Task directions:
Copy out the records precisely, omitting pictures.

Data records
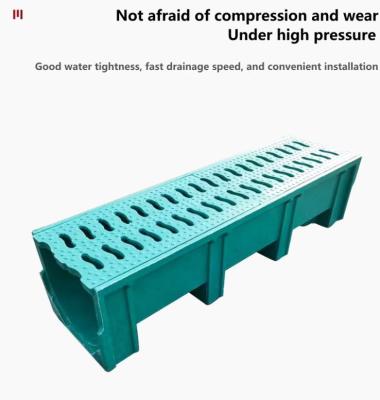 China FRP GRP 200mm U-Drainage Ditch Channel Gutter Fiberglass Gutterway / Drain Trench Anti Corrosion Water Channels for sale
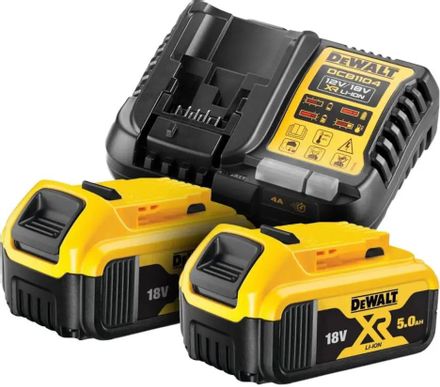 Батарея аккумуляторная DeWALT DCB1104P2, 18В, 5Ач, Li-Ion, ЗУ в комплекте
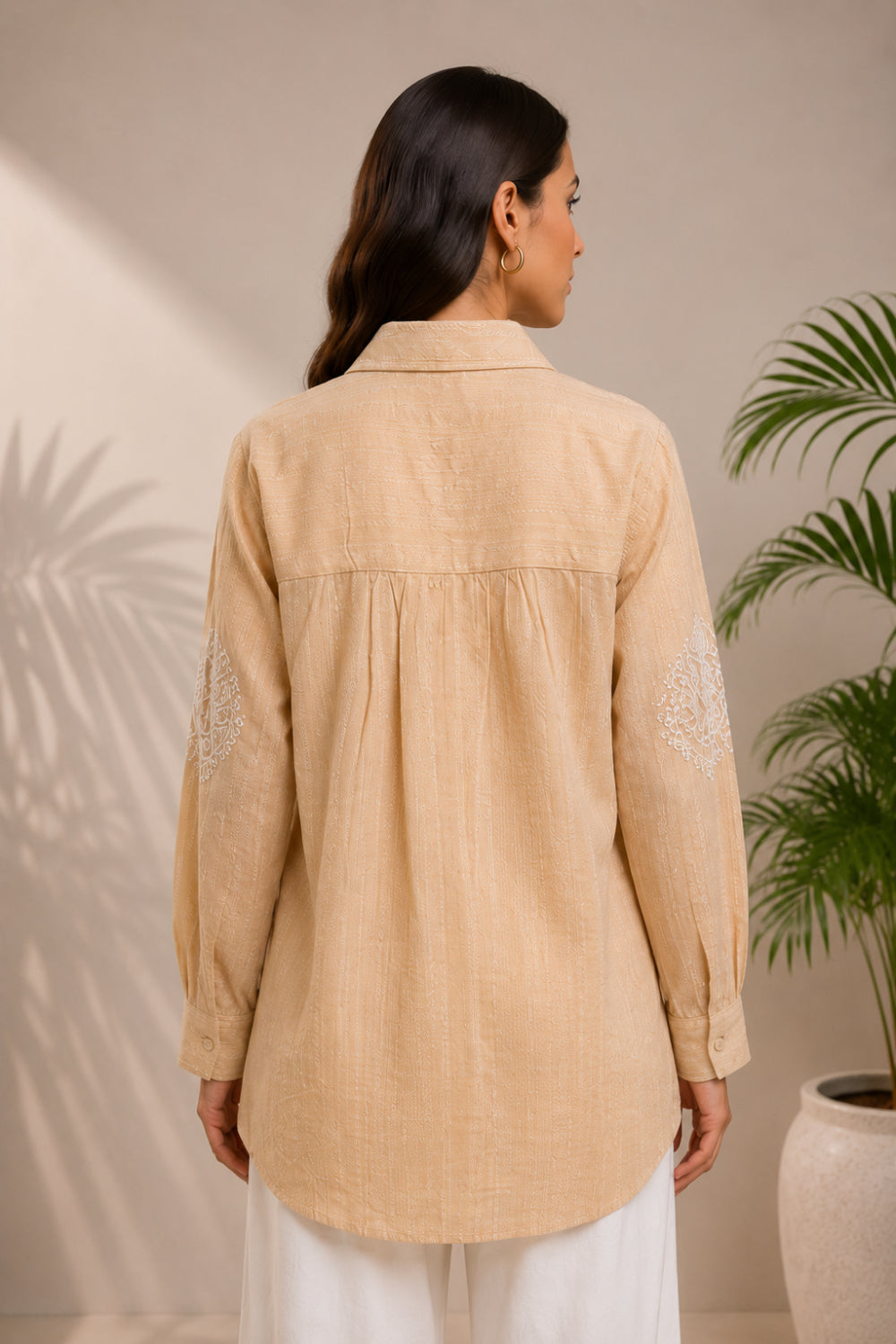 Noor Beige Hand Chikankari Cotton Dobby Shirt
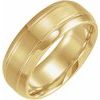 14K Yellow 6 mm Grooved Beveled Edge Band Size 8 Ref 7027118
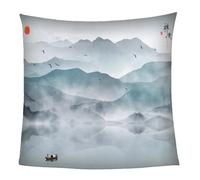 KGSK Flannel Throw Blanket 3D Abstract Ink Landscape Painting Soft Fluffy Bed Sofa Couch 39x47inch Sofa Warm Puffy Flannel Throws Blankets, Lightweight Washable Breathable
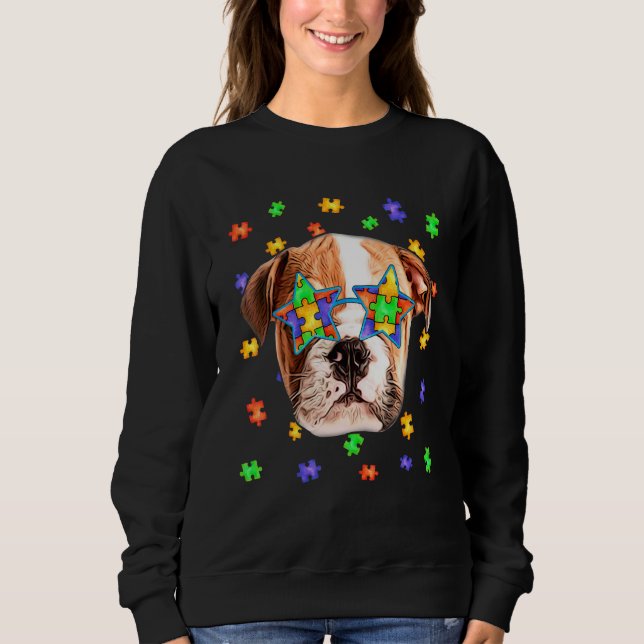 Sudadera Autismo suave Bulldog inglés Puzzle Dog Gafas de s (Anverso)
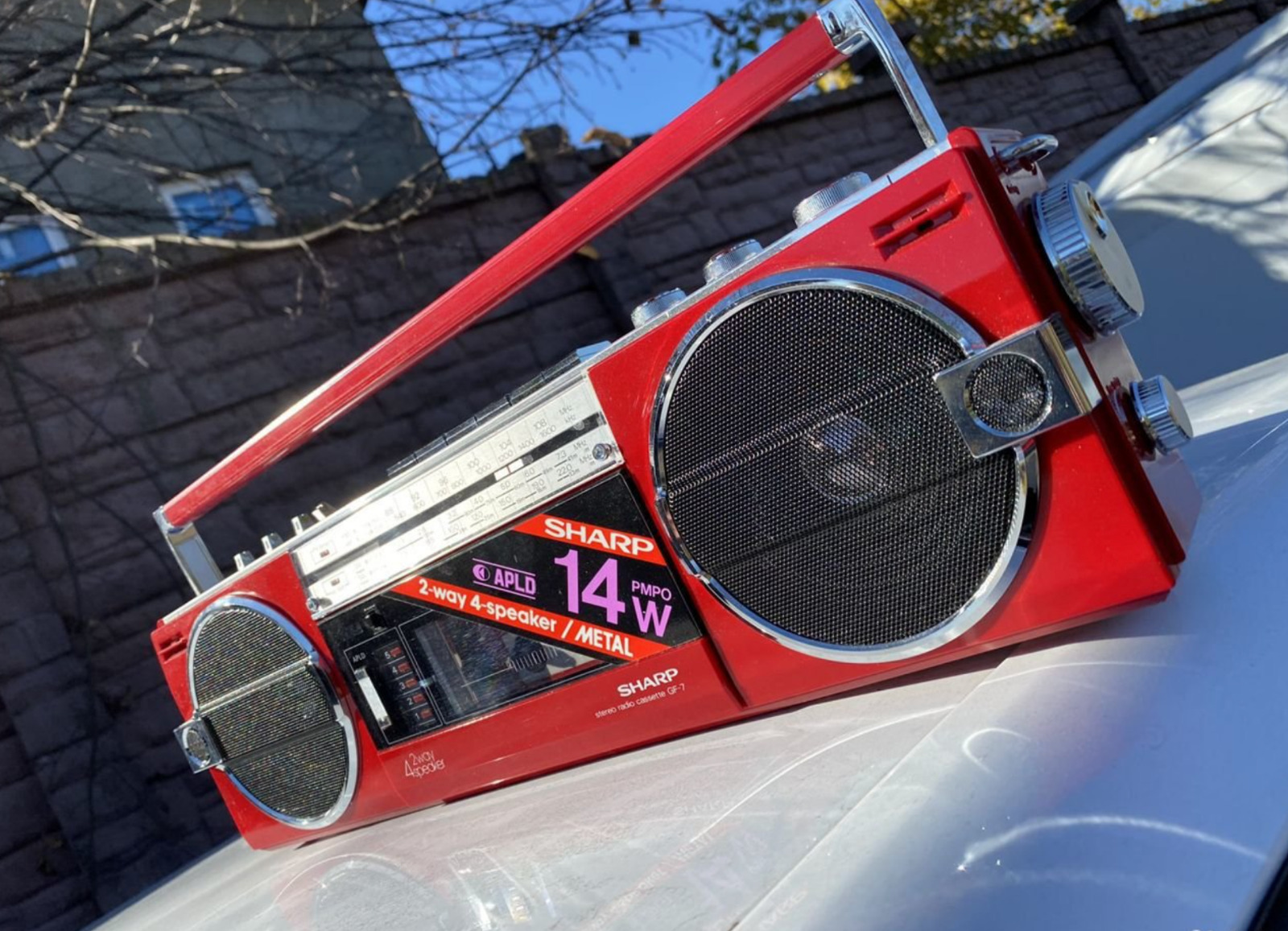 Sharp GF-7ZR Rare Top Recorder Stereo Radio Cassette Boombox 80s Japanese.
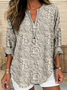 Women's Long Sleeve Blouse Spring/Fall Pink Floral Printing Cotton-Blend V Neck Daily Going Out Casual Top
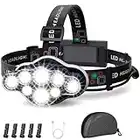 KIDECCE Headlamp,Brightest 18000 Lumen 8 LED 8 Modes Flashlights with Red Warning Light,USB Rechargeable Waterproof Headlight,Super Bright Headlamp Flashlight for Fishing,Cellar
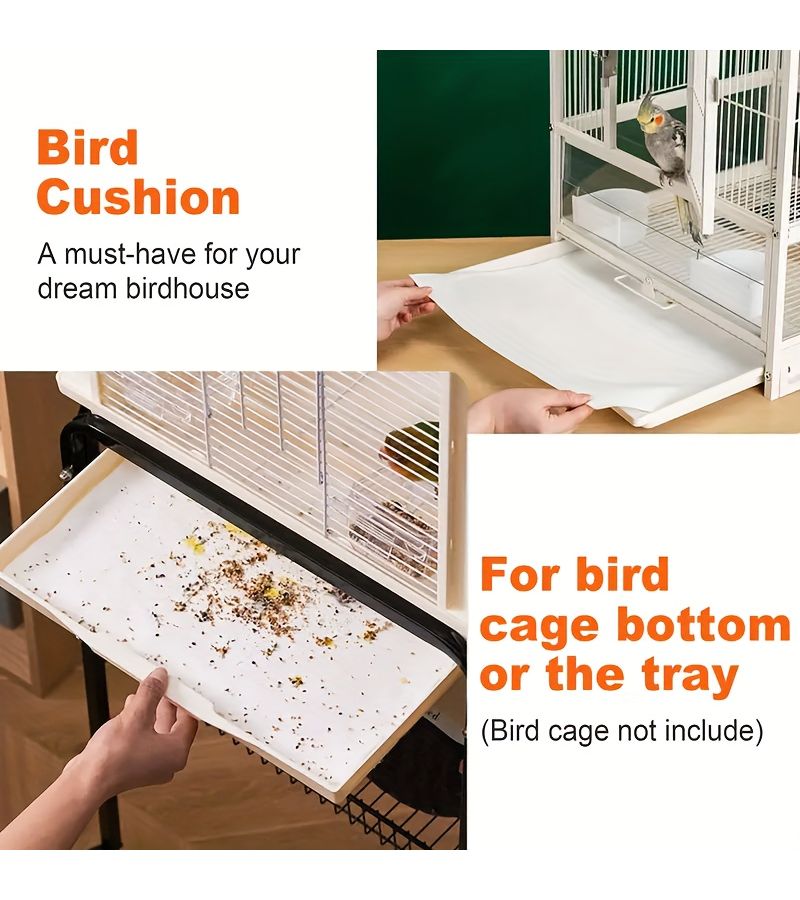 30pcs Leakproof Disposable Bird Cage Mats 10.63x14.96inch Absorbent Parrot Tray Liners Easy Clean Cage Accessories Suitable For All Bird Cages - Image 5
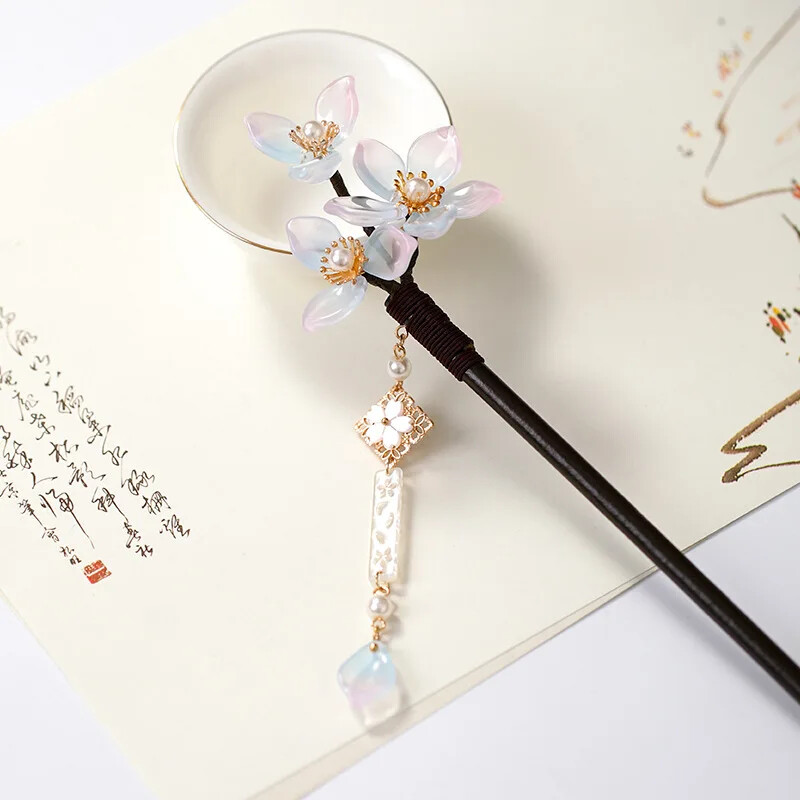 Retro Chinese Style Hairpins Clips Flower Pearls Long Tassels Handmade Collect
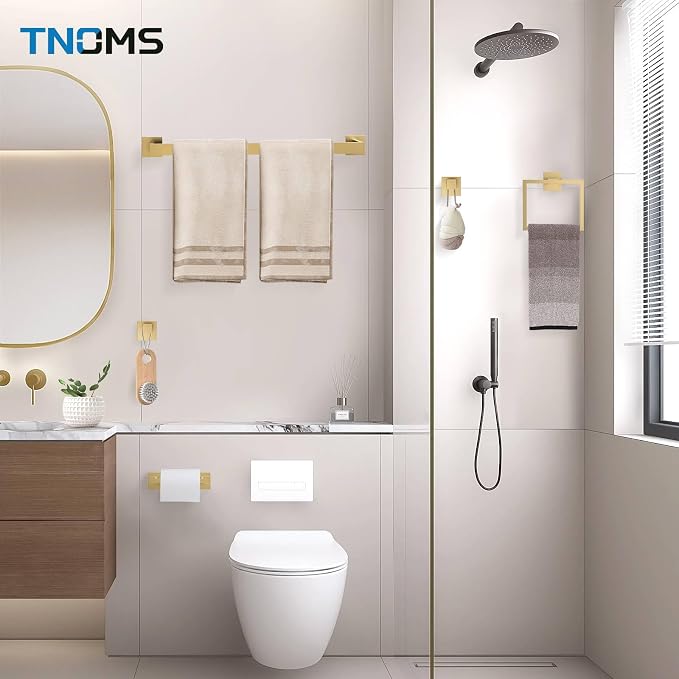 TNOMS 5-Piece Towel Bar Set Brushed Gold Bathroom Hardware Accessories Set - Image 7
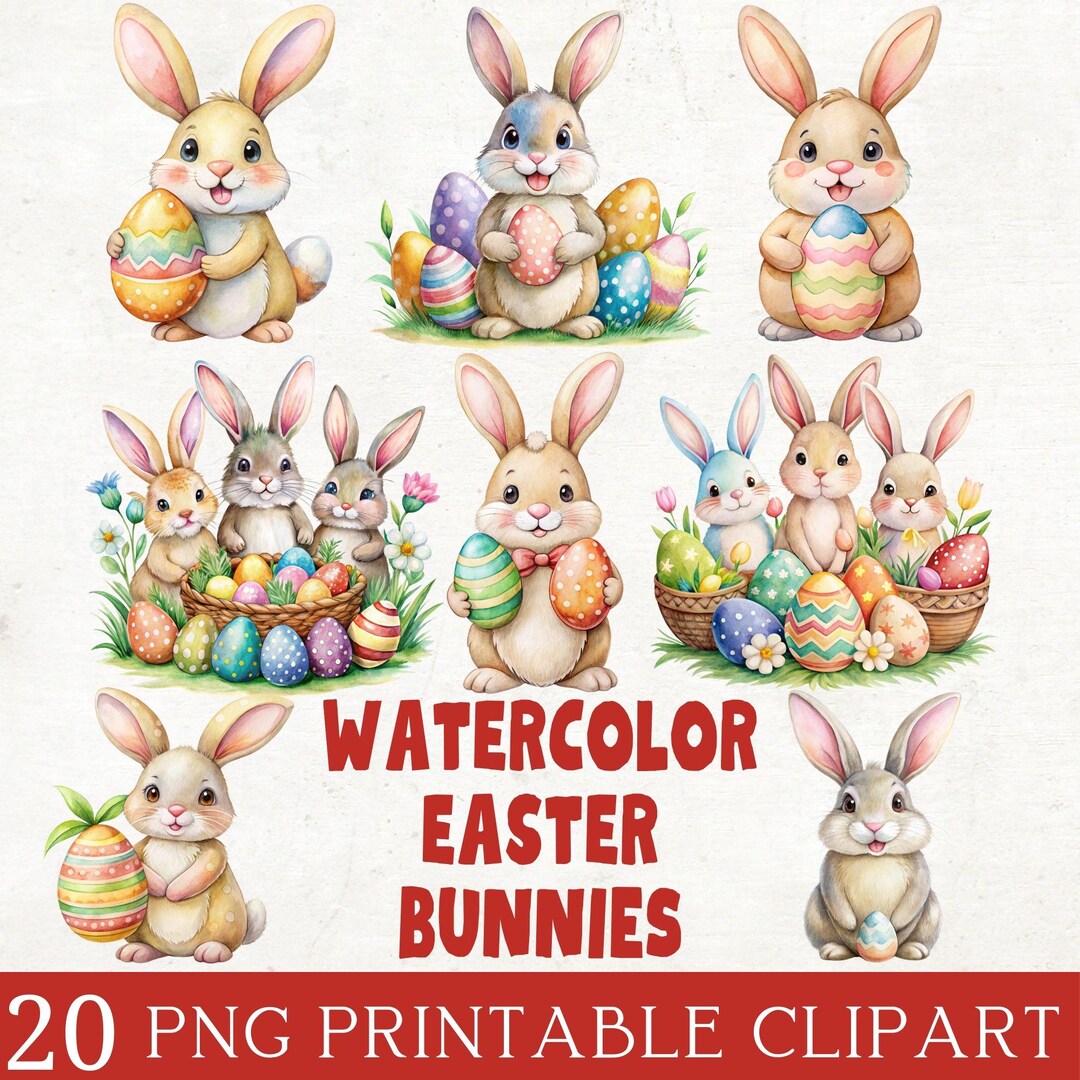20 Watercolor Easter Bunny Clipart Bundle: Springtime PNG Graphics ...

Result for this task:
 China FRP GRP 200mm U-Drainage Ditch Channel Gutter Fiberglass Gutterway / Drain Trench Anti Corrosion Water Channels for sale
 Батарея аккумуляторная DeWALT DCB1104P2, 18В, 5Ач, Li-Ion, ЗУ в комплекте
 Noor Beige Hand Chikankari Cotton Dobby Shirt
 14K Yellow 6 mm Grooved Beveled Edge Band Size 8 Ref 7027118
 KGSK Flannel Throw Blanket 3D Abstract Ink Landscape Painting Soft Fluffy Bed Sofa Couch 39x47inch Sofa Warm Puffy Flannel Throws Blankets, Lightweight Washable Breathable
 Sudadera Autismo suave Bulldog inglés Puzzle Dog Gafas de s (Anverso)
 Sharp GF-7ZR Rare Top Recorder Stereo Radio Cassette Boombox 80s Japanese.
 Women's Long Sleeve Blouse Spring/Fall Pink Floral Printing Cotton-Blend V Neck Daily Going Out Casual Top
 KIDECCE Headlamp,Brightest 18000 Lumen 8 LED 8 Modes Flashlights with Red Warning Light,USB Rechargeable Waterproof Headlight,Super Bright Headlamp Flashlight for Fishing,Cellar
 30pcs Leakproof Disposable Bird Cage Mats 10.63x14.96inch Absorbent Parrot Tray Liners Easy Clean Cage Accessories Suitable For All Bird Cages - Image 5
 Retro Chinese Style Hairpins Clips Flower Pearls Long Tassels Handmade Collect
 TNOMS 5-Piece Towel Bar Set Brushed Gold Bathroom Hardware Accessories Set - Image 7
20 Watercolor Easter Bunny Clipart Bundle: Springtime PNG Graphics ...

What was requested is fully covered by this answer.